* BRIEF
Only the lines from the one that contains "Bullying Is Too" through the last line of the data below should be duplicated, exactly and without pictures.

Saved data entries
+ + + + + + +

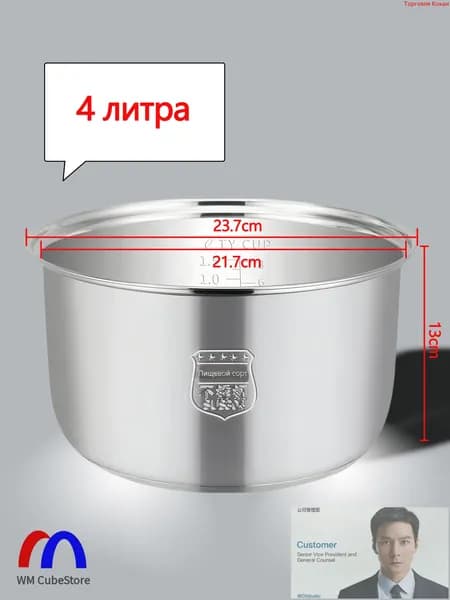 Мультиварка-скороварка для чаша универсальная 4 литров, высота 130 MM,Без покрытия, материал из пищевой нержавеющей стали марки 304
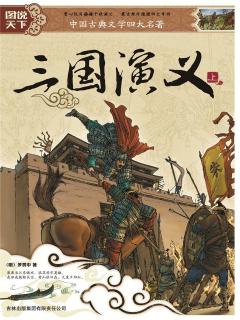 三国演义——第二十七章《上方谷智困司马懿》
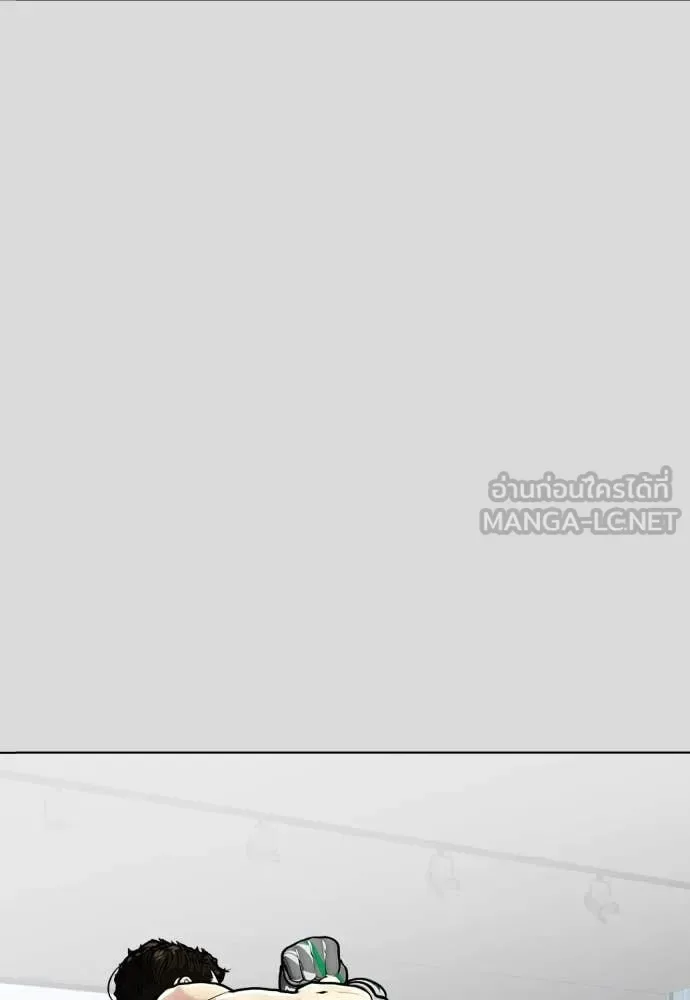Bullying Is Too Good At Martial Arts หมาหัวเน่าเก๋าเกินไป ตอนที่ 133 หน้า 21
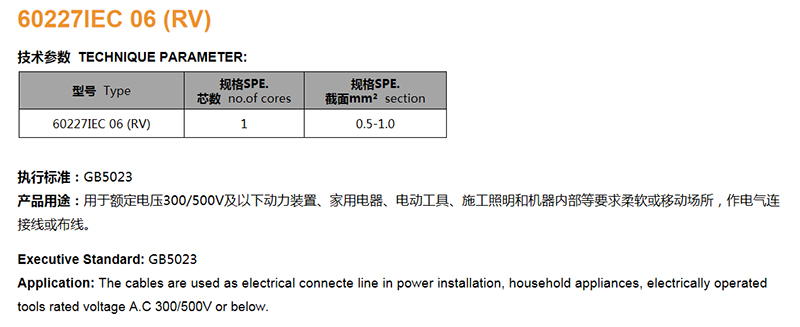 60227IEC 02RV(图1)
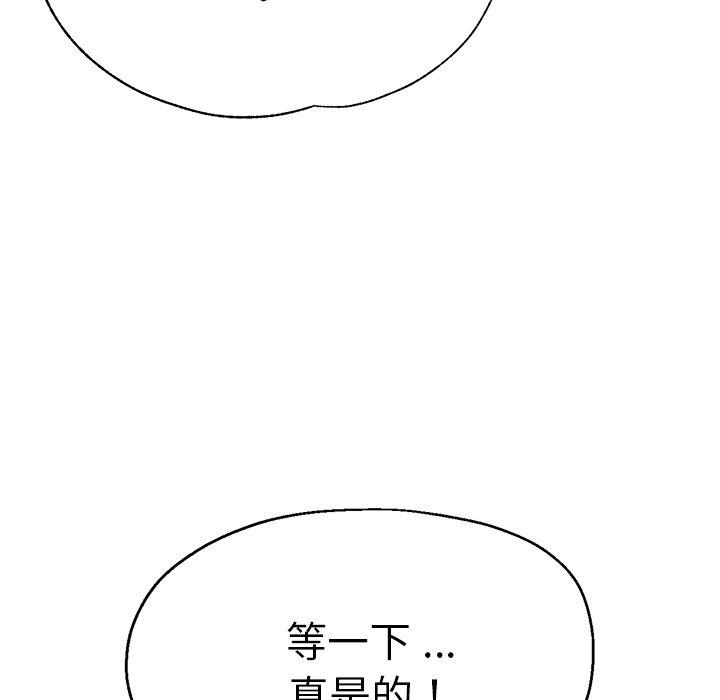 瑜珈初體驗 第 28 話 第76页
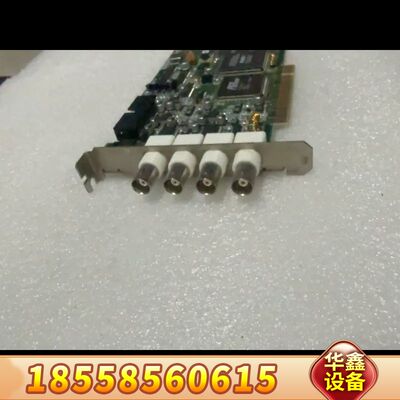 FAST RICE-001 P-900154图像采集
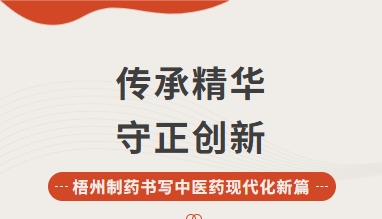 304am永利(中国)集团有限公司官网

+ + + + + + +

* ANSWER SECTION
Bullying Is Too Good At Martial Arts หมาหัวเน่าเก๋าเกินไป ตอนที่ 133 หน้า 21
 60227IEC 02RV(图1)
 瑜珈初體驗 第 28 話 第76页
 FAST RICE-001 P-900154图像采集
 304am永利(中国)集团有限公司官网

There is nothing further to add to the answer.